Health reform in Massachusetts Notes for November 22

Main points

Massachusetts enacted a health reform program that is largely like the one the Federal Government adopted last year.

According to our reading, more people have access to health insurance but more are reporting that the cost of health insurance is a problem.

Links galore

For a more journalistic approach to Massachusetts, Trudy Liberman’s stories in the Columbia Journalism Review and Jonathan Cohn’s in the New Republic are hard to beat.

Cost control

The problem of costs threatens to undo the expansion in coverage, both in Massachussets and on the national level. As I said to Meredith, there are two broad approaches to this problem.

The first would use consumer choice to drive down the cost of health care much as it does in other areas. The way to get there is to end both the tax advantage for employer sponsored health care plans and state regulation of health insurance. You get consumer choice by getting people to buy their own insurance, so they bear the costs more directly and, accordingly, become more sensitive to prices than they are now. The problem is that the cost of underwriting health insurance in the individual market is much higher than the cost of underwriting group insurance plans, such as those available through employers. So a large part of the savings would be eaten up by the cost of underwriting insurance. There are also good reasons for doubting that consumer choice could work well in health care: see Arrow’s article, for example.
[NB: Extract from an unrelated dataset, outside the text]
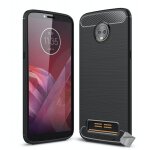 Housse etui coque silicone gel carbone pour motorola moto z3 play + verre trempe - noir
The second approach to controlling costs would be to centralize health care purchasing, using the power of monopsony to squeeze the providers. This is the way the rest of the world controls costs. It works: consumers in the US pay much higher costs for any given health service than people in other countries do without significantly better access to those services or better outcomes. Here’s just the most recent report to this effect.

Ah, but can the public system control costs in our country? Maybe. For example, Uwe Reinhardt makes a decent case for Medicare’s pricing system. Anyway, our politicians aren’t notably more craven than those in other countries. If they can do it, so can we. I hope.